THE TREATY OF WESTPHALIA (1648).—And so the miserable war dragged on. The earlier actors in the drama at length passed from the scene, but their parts were carried on by others. The year 1643, which marks the death of Richelieu, heard the first whisperings of peace. Everybody was inexpressibly weary of the war, and longed for the cessation of its horrors, yet each one wanted peace on terms advantageous to himself. The arrangement of the articles of peace was a matter of immense difficulty; for the affairs and boundaries of the states of Central Europe were in almost hopeless confusion. After five years of memorable discussion and negotiation, the articles of the celebrated Treaty of Westphalia, as it was called, were signed by the different European powers.

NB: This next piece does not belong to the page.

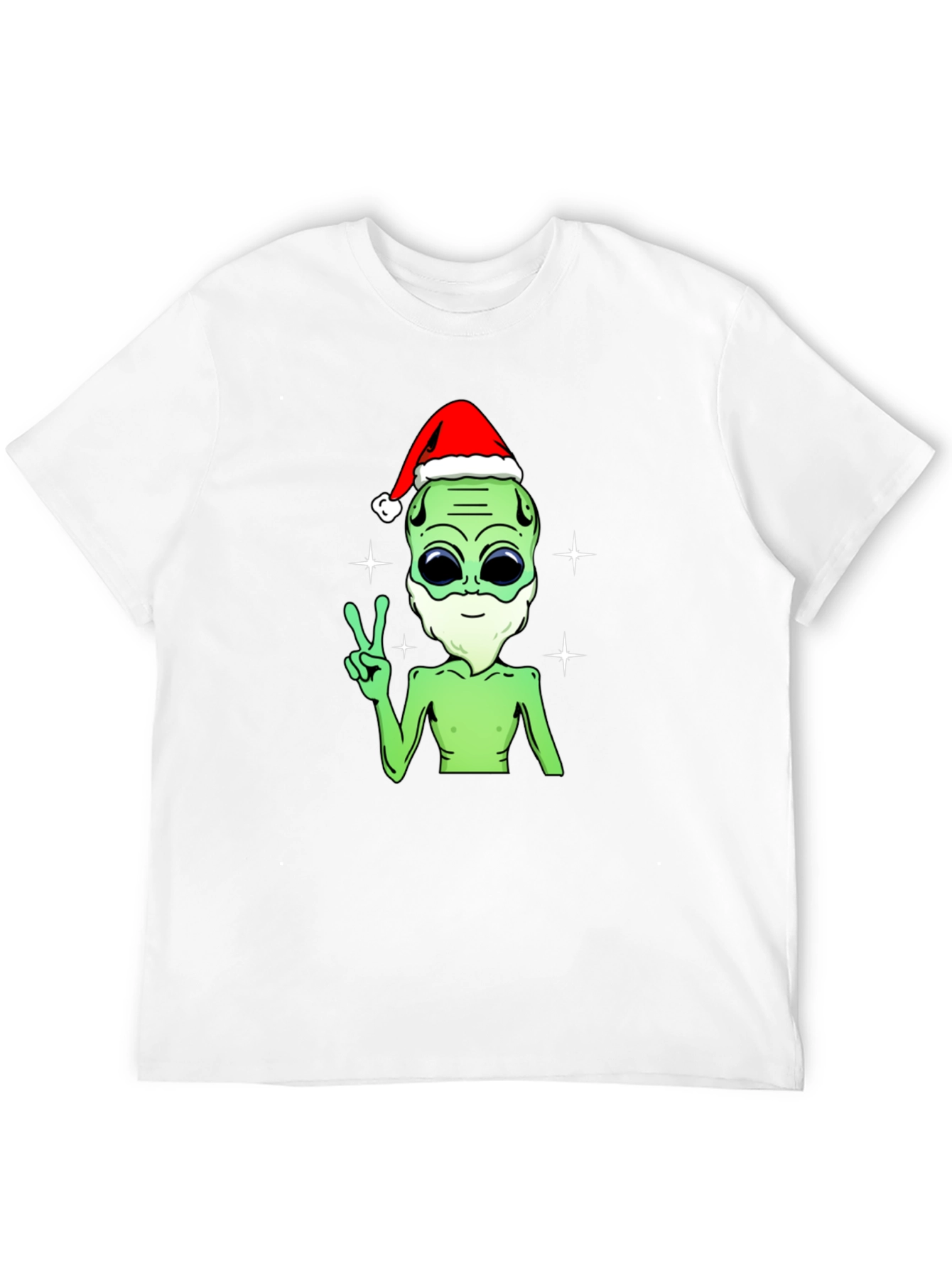 Black Festive Alien T-Shirt - Peace, Love, and Holiday Cheer! view 12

The chief articles of this important treaty may be made to fall under two heads: (1) those relating to territorial boundaries, and (2) those respecting religion.

As to the first, these cut short in three directions the actual or nominal limits of the Holy Roman Empire. Switzerland and the United Netherlands were severed from it; for though both of these countries had been for a long time practically independent of the empire, this independence had never been acknowledged in any formal way. The claim of France to the three cities of Metz, Toul, and Verdun in Lorraine, which places she had held for about a century, was confirmed, and a great part of Alsace was given to her. Thus on the west, on the southwest, and on the northwest, the empire suffered loss.

Sweden was given cities and territories in Northern Germany which gave her control of a long strip of the Baltic shore, a most valuable possession. But these lands were not given to the Swedish king in full sovereignty; they still remained a part of the Germanic body, and the king of Sweden as to them became a prince of the empire.

The changes within the empire were many, and some of them important.
Brandenburg especially received considerable additions of territory.

The articles respecting religion were even more important than those which established the metes and bounds of the different states. Catholics, Lutherans, and Calvinists were all put upon the same footing. The Protestants were to retain all the benefices and Church property of which they had possession in 1624. Every prince was to have the right to make his religion the religion of his people, and to banish all who refused to adopt the established creed: but such non-conformists were to have three years in which to emigrate.

The different states of the empire were left almost independent of the emperor. They were given the right to form alliances with one another and with foreign princes; but not, of course, against the empire or emperor. This provision made Germany nothing more than a lax confederation, and postponed to a distant future the nationalization of the German states.

EFFECTS OF THE WAR UPON GERMANY.—It is simply impossible to picture the wretched condition in which the Thirty Years' War left Germany. When the struggle began, the population of the country was 30,000,000; when it ended, 12,000,000. Many of the once large and flourishing cities were reduced to "mere shells." Two or three hundred ill-clad persons constituted the population of Berlin. The duchy of Würtemburg, which had half a million of inhabitants at the commencement of the war, at its close had barely 50,000. On every hand were the charred remains of the hovels of the peasants and the palaces of the nobility. The lines of commerce were broken, and some trades and industries were swept quite out of existence.